Nanotechnology for clean energy generation and storage:
Rutgers will collaborate with Princeton University to apply nanotechnology to clean energy generation and storage and conduct an educational exchange program between the U.S. and Africa. The grant is valued at up to $3.2 million over five years.
"Nanotechnology is a burgeoning field of science and engineering that involves materials and structures thousands of times smaller than the width of a human hair," said Manish Chhowalla, professor of materials science and engineering and the grant's principal investigator. He added that nanotechnology can help boost the output and efficiency of solar cells, hydrogen fuel cells and batteries so they can provide clean and abundant energy for transportation, industries and homes.
Graduate students supported by IGERT fellowships will study policy and economic issues related to clean energy development through the Edward J. Bloustein School of Planning and Public Policy at Rutgers and the Woodrow Wilson School of Public and International Affairs at Princeton. Students will also participate in internships and exchanges with African universities and institutions through Princeton's US-Africa Materials Institute.
Renewable and sustainable fuels:
Rutgers will focus on replacing environmentally harmful fossil fuels with renewable, economically sustainable fuels in collaboration with universities in the U.S., Brazil, China and South Africa. The grant is valued at up to $3.2 million over five years.

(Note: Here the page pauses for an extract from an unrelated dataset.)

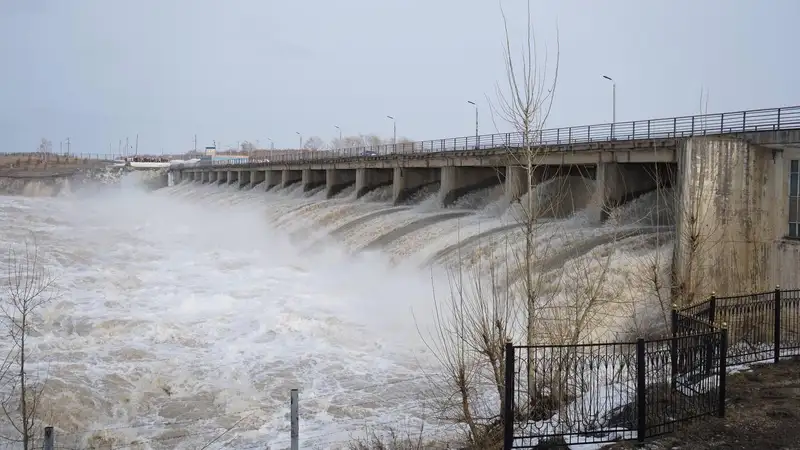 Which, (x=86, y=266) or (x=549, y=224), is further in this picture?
(x=86, y=266)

"The development of biofuels and synfuels will require strategies adaptable to locations worldwide with diverse climates and geopolitical structures," said Eric Lam, the grant's principal investigator and director of the Rutgers Biotechnology Center for Agriculture and the Environment. Lam, who is also a professor of plant biology and pathology, said the program will prepare experts to shape America's future energy economy and policy by providing education in biotechnology, chemistry, ecology, engineering and energy policy along with real-world experience in government and industry.

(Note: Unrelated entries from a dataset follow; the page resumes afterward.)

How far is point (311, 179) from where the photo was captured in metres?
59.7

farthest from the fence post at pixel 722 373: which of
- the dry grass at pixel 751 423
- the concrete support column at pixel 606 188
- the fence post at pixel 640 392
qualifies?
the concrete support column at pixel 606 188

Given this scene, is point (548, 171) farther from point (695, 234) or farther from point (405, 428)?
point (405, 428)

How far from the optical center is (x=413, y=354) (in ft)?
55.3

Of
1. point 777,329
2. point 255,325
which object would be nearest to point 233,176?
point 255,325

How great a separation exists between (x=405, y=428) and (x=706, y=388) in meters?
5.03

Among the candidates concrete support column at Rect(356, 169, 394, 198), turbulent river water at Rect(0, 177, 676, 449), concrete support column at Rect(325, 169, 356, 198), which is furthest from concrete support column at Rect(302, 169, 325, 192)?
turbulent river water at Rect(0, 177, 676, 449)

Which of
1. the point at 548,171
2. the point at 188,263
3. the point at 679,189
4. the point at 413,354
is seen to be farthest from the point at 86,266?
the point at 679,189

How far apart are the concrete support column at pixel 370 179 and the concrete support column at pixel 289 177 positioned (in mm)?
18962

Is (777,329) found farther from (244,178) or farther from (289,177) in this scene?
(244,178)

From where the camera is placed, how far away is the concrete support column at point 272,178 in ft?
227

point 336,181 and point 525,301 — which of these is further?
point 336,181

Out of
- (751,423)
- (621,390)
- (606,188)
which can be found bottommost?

Lam and his colleagues will collaborate with University of Puerto Rico and two historically black universities, Virginia Union University and Delaware State University. Extending ties established by the Rutgers Energy Institute, the project also will involve Peking University and Academia Sinica Guangxi in China; the University of Sao Paulo in Brazil; and, in South Africa, the University of the Witwatersrand.
Strengthening graduate study in science, technology, engineering, math:
The third grant is funded under a new NSF initiative to strengthen science, technology, engineering and mathematics education. Rutgers will use the five-year NSF Innovation through Institutional Integration (I3) grant to extend its IGERT curricula and practices to other graduate programs and to undergraduate research supported by the Aresty Research Center for Undergraduates.

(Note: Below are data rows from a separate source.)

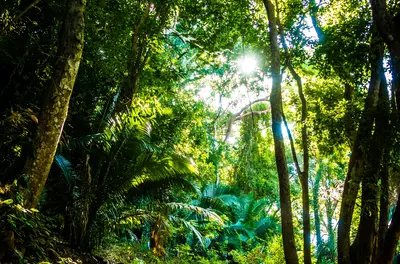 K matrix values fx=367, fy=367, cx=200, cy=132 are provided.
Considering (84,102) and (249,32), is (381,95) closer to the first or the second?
(249,32)

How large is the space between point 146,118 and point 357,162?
13.1 feet

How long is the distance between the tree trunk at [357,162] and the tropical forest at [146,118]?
18mm

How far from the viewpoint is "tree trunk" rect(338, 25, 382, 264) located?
16.3ft

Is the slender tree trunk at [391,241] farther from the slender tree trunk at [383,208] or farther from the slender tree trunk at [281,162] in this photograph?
the slender tree trunk at [281,162]

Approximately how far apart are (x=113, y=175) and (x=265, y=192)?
13974 mm

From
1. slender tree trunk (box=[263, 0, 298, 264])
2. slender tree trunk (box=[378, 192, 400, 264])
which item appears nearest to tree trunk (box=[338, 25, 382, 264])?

The I3 grant, valued at up to $1.25 million, will help Rutgers draw on the experience and practices of its four established IGERT programs to enhance all graduate programs in science, technology, engineering and mathematics. Grant funding also will be used to prepare students for higher education through undergraduate research experiences and graduate school transition programs.
"Training a new generation of scientists is a widely recognized national need," said Philip Furmanski, the grant's principal investigator and executive vice president for Academic Affairs at Rutgers. "This grant will support a new Graduate Innovation and Integration Center that will address student preparedness for interdisciplinary endeavors while increasing diversity among our graduate student population."
The new center will support and draw upon existing programs that provide summer research experiences for undergraduates and that recruit and mentor students from diverse backgrounds.